Varios Artist: The Tempest (C30, 90p) Such stuff as dreams are made on
HIP OCTOBER 81

This island is full of noises, sounds and sweet airs, that give delight and hurt not, and 'tis Mark Flunder (his complexion is perfect gallows) that hath set out to preserve them all; He hath brought forth this Tempest of a thousand still-vexed Bermoothes and - the spirits torment me - planneth more!

It's something of an insubetatioal pageant, I'm afraid, melting into air with the shoddy "Adventures in Bereznik", a rather inauspicious debut for John Arbon's Jerry and the Chairs. Most of the rest is rather sloppy and uninspiring, patched together in an obvious hurry. The Get (14) have a touch of the Marine Girls but don't suffer the same sea change, Paul Rixon's "Attic Waltz" is the kind of drunken whine you wouldn't even expect from Stephano and Trinculo on a bad day and you have to hear The Pink Shades' attempt to sound like The Jam playing "Waiting for the Man" to believe how bad it is. Bill Clarce, a Magic Kite in this incarnation, has obvious talent, but on "No Room Tidy" he's denied a medium to display it through - but if the ill spirit hath so fair a house, good things will strive to dwell with't etc. etc.

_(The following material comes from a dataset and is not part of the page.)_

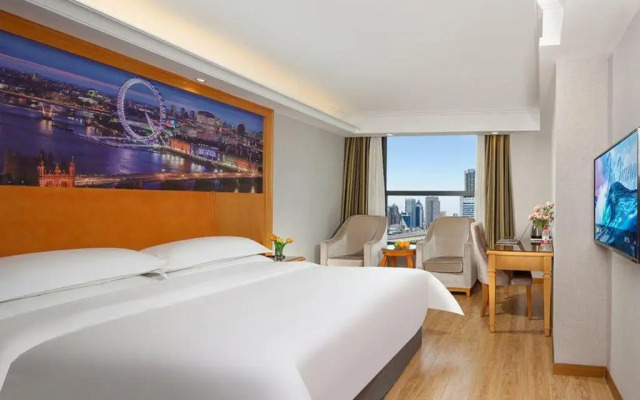 Vienna Hotel Chengdu Chunxi Road Tianfu Plaza Subway Station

Most scurvy monsters are Onslaught, who have been taught language and whoos olnly profit on't is to know how to curse, as they demonstrate admirably on a cacophonous "punk" thrash complete with obligatory "F*** the System" sloganeering. Aha, I do begin to have bloody thoughts... strange how so-called "Anarchist" punk listened to by overprivileged teenagers in leather jackets and (*) badges who waste their brains, sounds so similar to Nazi Oi! Oi!, listened to by underprivileged teenagers in big boots who have been told they havn't got any brains, and both sound remarkably like sexist Heavy Metal, listened to by teenagers with no brains anyway. There's only room for one band to produce this kind of stuff - they are called The Crass and they know what they're doing - and the rest is less about Anarchism, more about making a very ancient and fish-like smell for the sake of it. Let us hope Onslaught take suggestion like a cat laps milk and try and really do their own thing.

Misery acquaints a man with strange bedfellows, and Mr (Jerry) King's sitar solo (a traditional Indian raga entitled "Disarm Now", probably a Ghat and Tan in Chanchar or a Chicken Tandoori or something) is a blessed diversion after a thousand twangling instruments humming about one's ears, though I doubt that it, and his other hippy ditty "Simple Things in Life", will do much to endear him to the sunburned sicklemen that go down Music for Heroes. By far the most worthwhile tracks are Portion Control's "Sweet Julia" (on this occasion, at least, they do their spiriting gently) and The Elusive Diplomats' "Bohemian Tricycles". Thought it appears here in slightly adulterated form (whoops, howls, whistles and sundry other onomatapaeic interjections), it's still jaunty and fresh and deserves better treatment than it gets.

Flunder hopes The Tempest will come out regularly (gasp) so let us hope future reviews can begin, "this tape would cure deafness" or "Oh Brave New World that has such people in't" or "this is such stuff as dreams are made on" But for this first edition (counting our pun) they promised us anything could happen in the next half hour... and it didn't.